**Your instructions**: Reproduce all of the entries below exactly, without images.

(Brief descriptive captions)
»»

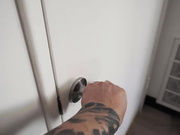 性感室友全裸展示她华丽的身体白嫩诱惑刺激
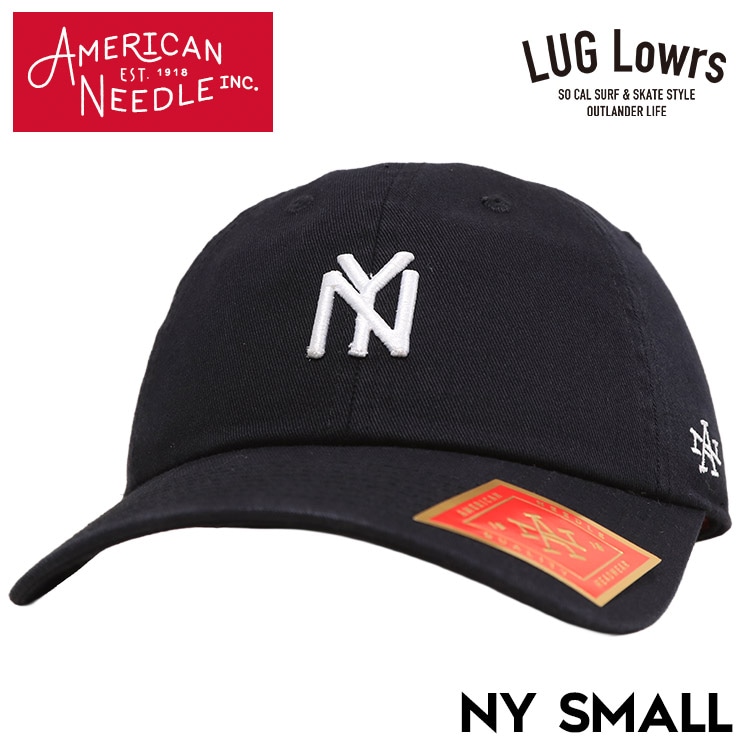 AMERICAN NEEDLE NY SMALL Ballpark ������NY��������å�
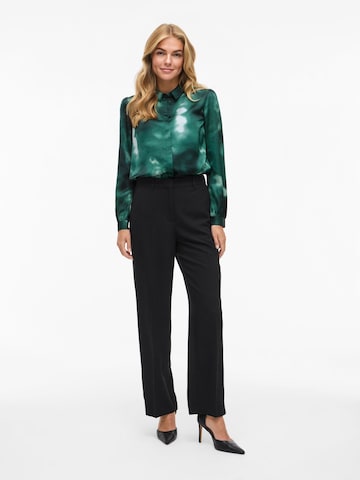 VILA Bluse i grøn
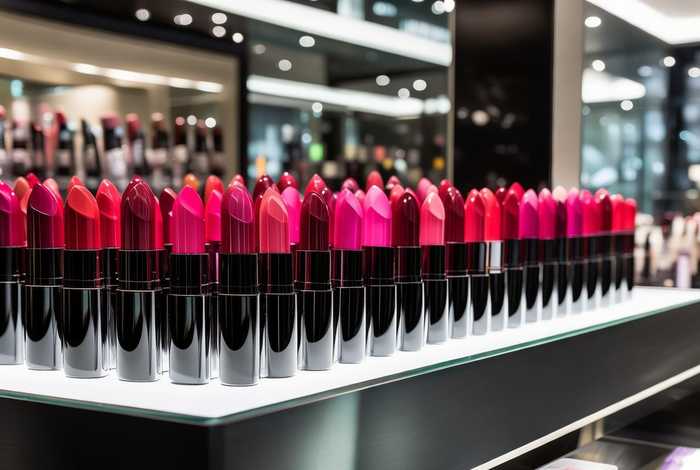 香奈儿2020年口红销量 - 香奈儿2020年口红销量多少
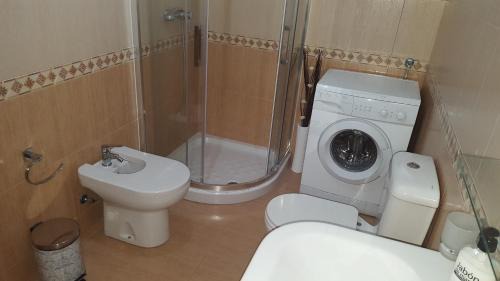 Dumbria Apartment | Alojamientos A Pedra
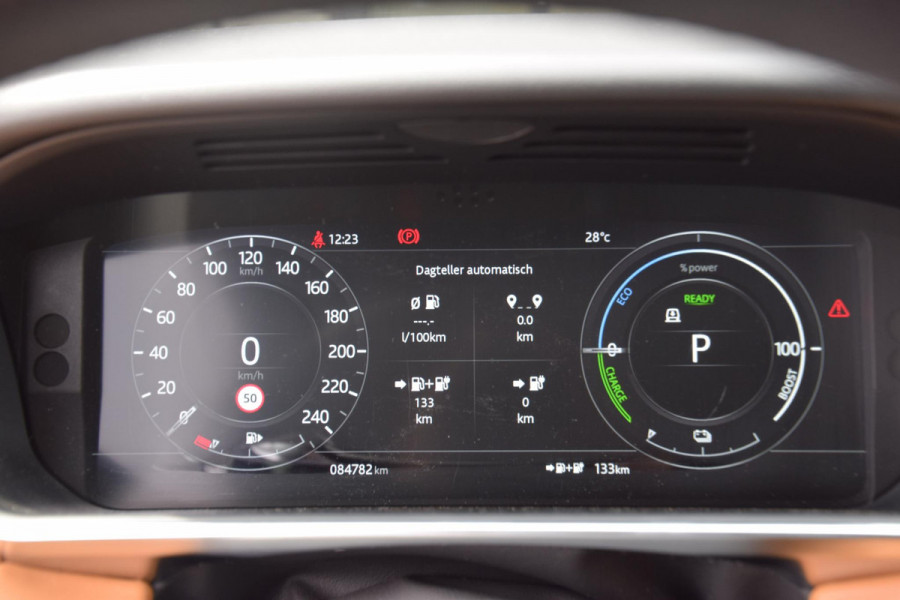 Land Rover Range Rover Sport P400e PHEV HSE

««

**Completed exercise**:
 性感室友全裸展示她华丽的身体白嫩诱惑刺激
 AMERICAN NEEDLE NY SMALL Ballpark ������NY��������å�
 VILA Bluse i grøn
 香奈儿2020年口红销量 - 香奈儿2020年口红销量多少
 Dumbria Apartment | Alojamientos A Pedra
 Land Rover Range Rover Sport P400e PHEV HSE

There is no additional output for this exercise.